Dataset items
.....
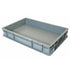 Euro-Stapelbox aus Kunststoff – 600 x 400 x 100 mm – 20 l Fassungsvermögen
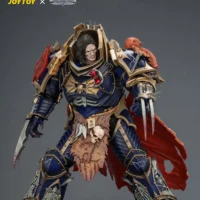 Action Figure - Night Lords Konrad Curze Primarch of the Night Lords Legion 1 18 - JOYTOY Warhammer The Horus Heresy rectangle image 12 Action Figure Night Lords Konrad Curze Primarch Of The Night Lords Legion 1 18 Joytoy Warhammer The Horus Heresy Rectangle Image 12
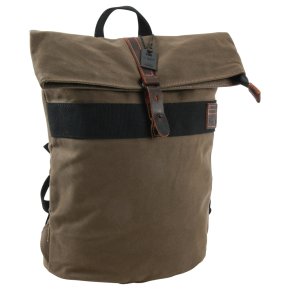 Troop London Backpack olive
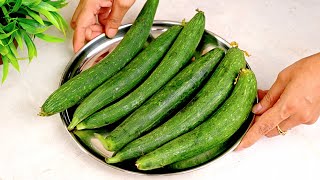 तुरई ऐसे बनायेंगे तो सब तारीफ करेंगे  Sponge Gourd Recipe  नेनुआ चना की सब्ज़ी  Kabitaskitchen [upl. by Sergent738]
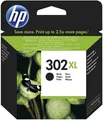 HP 302XL, Black, 8,5ml Pages: 480, High Capacity, F6U68AE#301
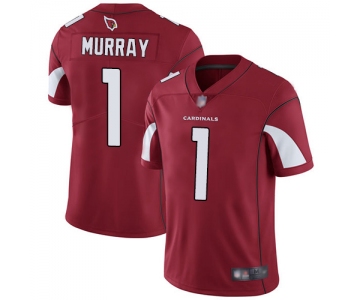 Cardinals #1 Kyler Murray Red Team Color Youth Stitched Football Vapor Untouchable Limited Jersey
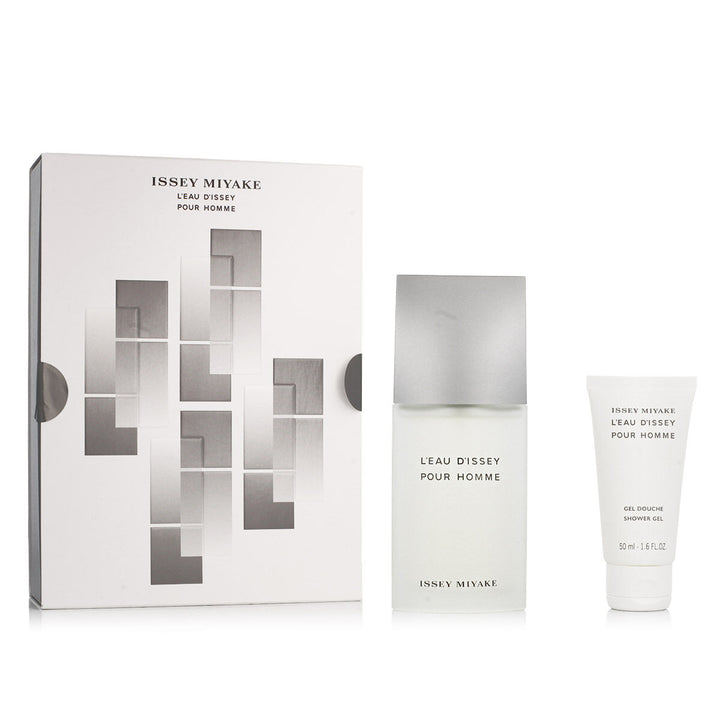 Issey Miyake L'Eau D'Issey EDT Men's Fragrance Set | 2 Delar | Eau de Toilette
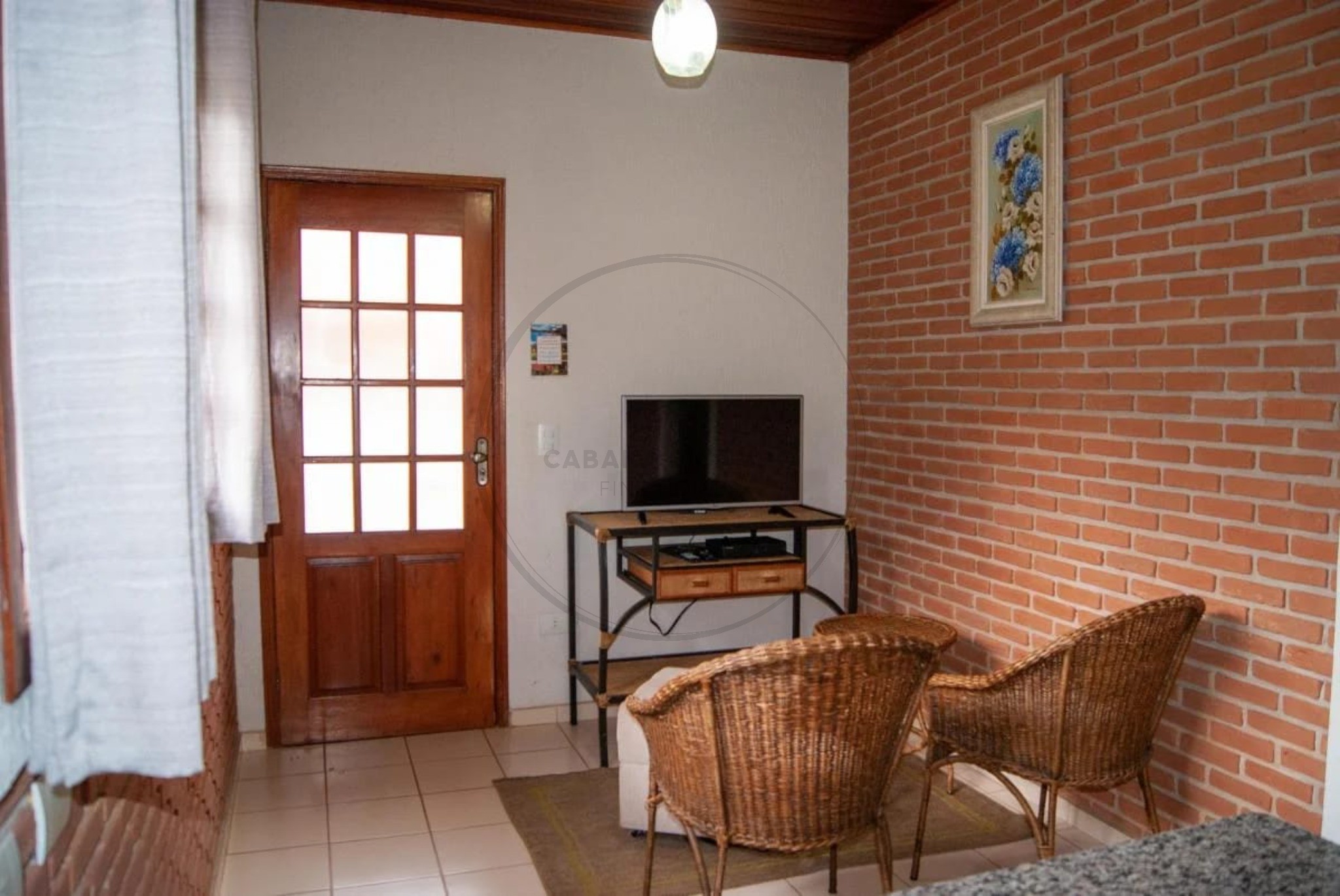 Pousada-Chalé, 13 quartos - Foto 36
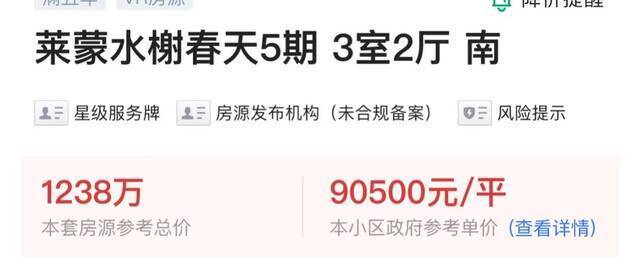 上海学区房概念遭“狙击”！知名老破小房价狂降60万？深圳也重磅出手了！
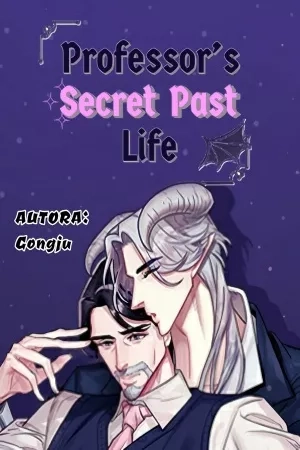 Portada de La vida pasada secreta del profesor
.....
- YOUR ASSIGNMENT
The required output is every line from the one containing "Issey Miyake L'Eau" through the last line of the records, inclusive, reproduced exactly and without pictures.

- YOUR SOLUTION
 Issey Miyake L'Eau D'Issey EDT Men's Fragrance Set | 2 Delar | Eau de Toilette
 Pousada-Chalé, 13 quartos - Foto 36
 上海学区房概念遭“狙击”！知名老破小房价狂降60万？深圳也重磅出手了！
 Portada de La vida pasada secreta del profesor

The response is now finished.